The book review section of the new Alphaville includes pieces on new titles on Stanley Cavell, North African film, and architectural space in cinema. A standout here is Flavia Brizio-Skov’s review of Fellini’s Films and Commercials: From Postwar to Postmodern, wherein Frank Burke “gives Fellini the visibility that he deserves.” Brizio-Skov explains why that visibility has gone lacking in the halls of academia, “where feminists dismissed Fellini’s works, disapproving of his construction of gender, even if a more careful analysis would have revealed the complexity of such a construction in his filmic universe. The hyper-intellectualism of French post-1968 semiological theory, in conjunction with a puritanical British counter-cinema that rejected cinematic pleasure, marginalized not only Fellini, but a good deal of Italian cinema. French-infused British theory was incapable of reading Fellini’s work in the light of his own culture, and of a vast sensual tradition of Italian visual art. Dismissing them a priori on theoretical grounds, the academic theorists did not pay close attention to Fellini’s films.”
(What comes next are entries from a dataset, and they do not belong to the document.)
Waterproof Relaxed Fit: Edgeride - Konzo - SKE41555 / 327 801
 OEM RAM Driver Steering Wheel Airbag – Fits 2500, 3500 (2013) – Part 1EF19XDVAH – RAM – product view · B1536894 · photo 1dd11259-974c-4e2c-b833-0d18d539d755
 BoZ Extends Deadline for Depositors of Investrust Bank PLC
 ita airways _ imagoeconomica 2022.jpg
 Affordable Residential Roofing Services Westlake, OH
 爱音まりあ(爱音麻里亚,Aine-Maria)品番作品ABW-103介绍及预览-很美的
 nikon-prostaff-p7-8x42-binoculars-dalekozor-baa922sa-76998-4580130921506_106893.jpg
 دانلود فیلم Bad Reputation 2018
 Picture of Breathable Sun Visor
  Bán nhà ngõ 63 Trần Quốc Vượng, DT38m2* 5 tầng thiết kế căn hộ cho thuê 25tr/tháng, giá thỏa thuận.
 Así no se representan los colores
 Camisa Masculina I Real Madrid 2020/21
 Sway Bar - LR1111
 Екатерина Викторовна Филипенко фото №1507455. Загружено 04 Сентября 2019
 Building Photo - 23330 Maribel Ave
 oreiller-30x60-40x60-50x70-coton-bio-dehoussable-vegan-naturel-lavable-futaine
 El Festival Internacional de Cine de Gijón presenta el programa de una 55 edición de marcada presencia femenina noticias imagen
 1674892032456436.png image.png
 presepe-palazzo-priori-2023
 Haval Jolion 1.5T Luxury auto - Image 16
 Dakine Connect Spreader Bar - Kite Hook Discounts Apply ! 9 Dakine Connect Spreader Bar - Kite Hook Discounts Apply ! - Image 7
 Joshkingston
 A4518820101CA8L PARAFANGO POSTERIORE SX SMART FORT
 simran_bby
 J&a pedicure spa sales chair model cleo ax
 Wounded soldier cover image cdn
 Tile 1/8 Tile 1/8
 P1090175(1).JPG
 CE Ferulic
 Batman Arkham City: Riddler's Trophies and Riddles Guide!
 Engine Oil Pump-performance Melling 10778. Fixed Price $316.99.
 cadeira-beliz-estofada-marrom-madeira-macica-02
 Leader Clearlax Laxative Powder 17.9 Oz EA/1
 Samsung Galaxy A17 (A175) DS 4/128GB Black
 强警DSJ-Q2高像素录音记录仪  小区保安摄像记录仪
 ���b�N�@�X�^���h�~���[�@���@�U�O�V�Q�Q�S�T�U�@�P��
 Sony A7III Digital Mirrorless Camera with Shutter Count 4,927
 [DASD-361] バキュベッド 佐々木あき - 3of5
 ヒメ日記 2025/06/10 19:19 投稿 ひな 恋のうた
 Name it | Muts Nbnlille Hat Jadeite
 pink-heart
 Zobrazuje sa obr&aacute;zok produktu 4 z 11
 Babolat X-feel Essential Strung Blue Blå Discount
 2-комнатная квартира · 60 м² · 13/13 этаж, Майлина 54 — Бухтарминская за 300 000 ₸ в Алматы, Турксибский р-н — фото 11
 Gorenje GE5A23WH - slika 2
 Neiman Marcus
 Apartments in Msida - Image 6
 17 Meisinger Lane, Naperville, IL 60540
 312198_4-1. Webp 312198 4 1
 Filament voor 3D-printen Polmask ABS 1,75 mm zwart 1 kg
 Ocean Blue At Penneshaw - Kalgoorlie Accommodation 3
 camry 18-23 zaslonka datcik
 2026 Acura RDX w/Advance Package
Endnotes and Forthcoming Titles

In the Los Angeles Review of Books, Soham Gadre observes that the films of Amit Dutta are “enveloped in specific Indian experiences and histories: painting, fables, myths, and cultural traditions both ancient and contemporary. His movies take the form of chaptered novels and parables that may be told to children during bedtime.” In Modernism by Other Means, Srikanth Srinivasan “expands on his retrospective of Dutta, which was held at the Bombay Arts Society in 2017. Guided by his conversations with and further research on the filmmaker, Srinivasan sheds light on Dutta’s importance and cultural relevance, and how his career fits in a unique place between commercial and art cinema.”

Sylvia Townsend’s Bumpy Road: The Making, Flop, and Revival of Two-Lane Blacktop is “an accurate, extensively researched, but rather dry account” of the long and strange journey of Monte Hellman’s 1971 road movie, notes Tanja Bresan in Film International. And in Togo Mizrahi and the Making of Egyptian Cinema, Deborah A. Starr “convincingly argues” that the cinema of Mizrahi, who made dozens of features between 1930 and 1946, is “a subversive kaleidoscope of mistaken identities, pluralistic notions of nationalism, and comical class conflicts,” writes Giovanni Vimercati for the New Arab.

On March 1, Brookline Booksmith will launch Leslie Epstein’s new book, Hill of Beans: A Novel of War and Celluloid, with a conversation between the author and Baffler film critic A. S. Hamrah. Later in the month, a collection of interviews with David Cronenberg conducted by Amy Taubin, Gary Indiana, Dennis Lim, Nicolas Rapold, Gavin Smith, Carrie Rickey, Richard Porton, and others and edited by David Schwartz will be out. And May 4 sees the release of Films of Endearment: A Mother, a Son and the ’80s Films That Defined Us by Michael Koresky, the cofounder and editor of Reverse Shot.